In the X-Factor format the wider dynamics of the capitalist (use of) sentiment are thus apparent. Sentimentality transposes an ideal of beneficent selfhood onto the essential selfishness of the capitalist personality, imbuing the rampant individualism of society with a feel good sense of emotional – but not material – communism. For while in reality capitalism is an amoral, inhuman system that proceeds according to its own internal logic of growth and profit, terrifyingly indifference to the real-life concerns of people, the communal sentimentality which simultaneously cloaks and combats that system creates a sense of shared humanity within the fractiously iniquitous area of the social. Think, for instance, of the charity advert and its reliance on sentimentality to make the rich western public give money to the poverty-stricken Other – just as the X-Factor contestant must be made accessible by sentiment, so too it seems must the African be sentimentally subjectivised in order to receive charity. Sentimentality, with its privileging of virtues such as sympathy and its prioritising of the emotional over the political, therefore offers a way to rhetorically suture capitalism’s fragmentation of real-life relations – both global and local – between people living in radically different levels of material comfort.

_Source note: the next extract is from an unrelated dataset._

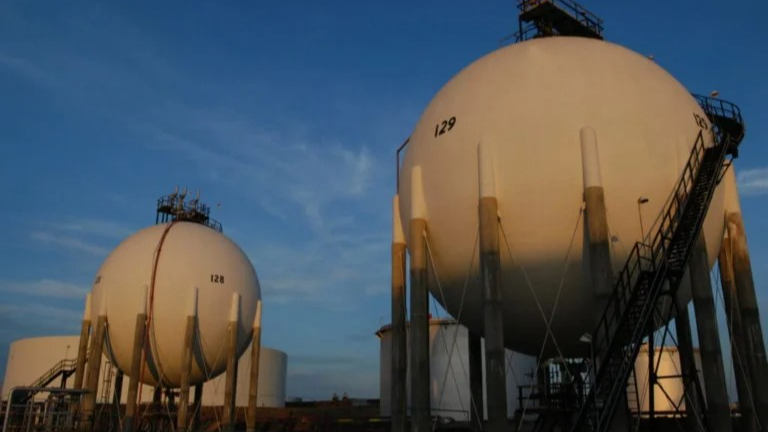 Delcy Rodríguez anuncia la primera exportación de una molécula de gas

But this suture of relations is only rhetorical – as Zizek has written, ‘Charity is the humanitarian mask hiding the face of economic exploitation...the developed countries “help” the undeveloped with aid, credits and so on, and thereby avoid the key issue, namely their complicity in and co-responsibility for the miserable situation of the undeveloped’. Furthermore, Zizek argues that capitalism is in fact fortified by the partially palliative nature of charity, since capitalism ‘needs extra-economic charity to sustain the cycle of social reproduction’. Sentimentality thus not only makes life tolerable by acting as a sympathetic counterweight to the pitiless machinations of capital, but in fact also aids the very perpetuation of capitalism: without the counterweight, capitalism would crash into the ground.